Finding insecure network connections

One obvious aspect of KDE’s privacy goal is eliminating all network connections that are not using transport encryption. That’s however not as straightforward to ensure as it may sound, it’s easy to have a long forgotten HTTP link in a rarely used dialog that should have been changed to HTTPS many years ago already. How do we find all these cases?

Scope

First of all, this is not about intentional or malicious attempts to bypass or weaken transport encryption at any level, but about finding our own mistakes. That is, simple typos forgetting the crucial ‘s’ after ‘http’, or legacy code from a time before the corresponding service even supported transport encryption.

This is also not about identifying servers that only offer weak or otherwise broken transport security, and communicating that to the user as we are used to from web browsers. All of that needs to be looked at too of course, but that’s a different task.

Source Code

Naively, searching the source code for http: and replacing it with https: would be a good start. However, it’s a bit more complicated than that, mainly due to http URIs being used both as resource identifiers and as addresses for resources. A common case for the former are XML namespaces, those are not actually retrieved via the network, so http URIs are actually not a problem (on the contrary, changing them might confuse the code dealing with them). In the latter case the URIs are actually URLs and are used for network operations, those we need to fix.
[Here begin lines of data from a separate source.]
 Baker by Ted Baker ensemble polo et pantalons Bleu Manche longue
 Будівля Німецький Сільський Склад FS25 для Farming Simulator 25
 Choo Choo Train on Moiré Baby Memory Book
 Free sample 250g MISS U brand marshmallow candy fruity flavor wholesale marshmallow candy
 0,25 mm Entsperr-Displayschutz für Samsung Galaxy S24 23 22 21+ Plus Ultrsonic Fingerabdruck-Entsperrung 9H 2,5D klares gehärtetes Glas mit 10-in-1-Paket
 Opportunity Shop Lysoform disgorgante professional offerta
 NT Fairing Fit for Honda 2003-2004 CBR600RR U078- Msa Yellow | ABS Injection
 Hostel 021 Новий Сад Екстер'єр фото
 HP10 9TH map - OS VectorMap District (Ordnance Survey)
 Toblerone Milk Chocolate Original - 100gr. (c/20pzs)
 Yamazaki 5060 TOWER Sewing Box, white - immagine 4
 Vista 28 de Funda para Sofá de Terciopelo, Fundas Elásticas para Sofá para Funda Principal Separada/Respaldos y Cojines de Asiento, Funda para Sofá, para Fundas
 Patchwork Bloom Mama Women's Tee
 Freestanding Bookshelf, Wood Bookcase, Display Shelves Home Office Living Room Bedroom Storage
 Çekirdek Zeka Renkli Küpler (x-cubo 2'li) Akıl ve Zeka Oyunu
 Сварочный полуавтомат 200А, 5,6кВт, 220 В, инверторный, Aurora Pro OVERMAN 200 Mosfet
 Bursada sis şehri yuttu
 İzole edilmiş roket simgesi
Still, a bit of crude grep work can turn up quite some useful results already. This can be clickable links in code (D16904, R209:33447a) or documentation (D17262), downloaded content (D7414, D17223) or access to online services (D7408, D16925, D16946). But many hits are part of code documentation, automatic tests or license information (R1007:aff001), which are less severe in their impact. Sometimes URLs also appear in translations, so those would need to be checked too.

Compiled Files

Another place to look for http: strings is in the compiled binaries. That’s less complete, but seems to have a much smaller false positive rate. A simple approach is grep-ing through the output of strings and strings -l e (the latter decodes 16bit little endian Unicode strings as used by QStringLiteral), and filtering out common URIs as needed in the source code search too.

Runtime Monitoring

An entirely different approach for identifying clear text connections is observing network activity at runtime. Tools like tcpconnect of the bcc suite seems to be a good starting point, as it allows continuous monitoring without noticeable impact, unlike e.g. capturing the entire network communication with Wireshark.

With this we can also find non-HTTP connections, as well as entirely unnecessary network activity (D7410, D7438). However, we wont notice anything from code paths that aren’t run.

Contribute

This is a perfect topic to get started with I think, fixing http: links is as easy as it gets, and yet that has relevant impact on the privacy or our users. But it doesn’t stop there, as we also need to build the tools to identify these issues more reliably. There isn’t much yet in terms of tooling, so a simple script would already be an improvement (e.g. to automatically check the KIO search provider desktop files), but if you are into elaborate runtime tracing techniques like used by the bcc tools, here’s a real-world problem to use this for :)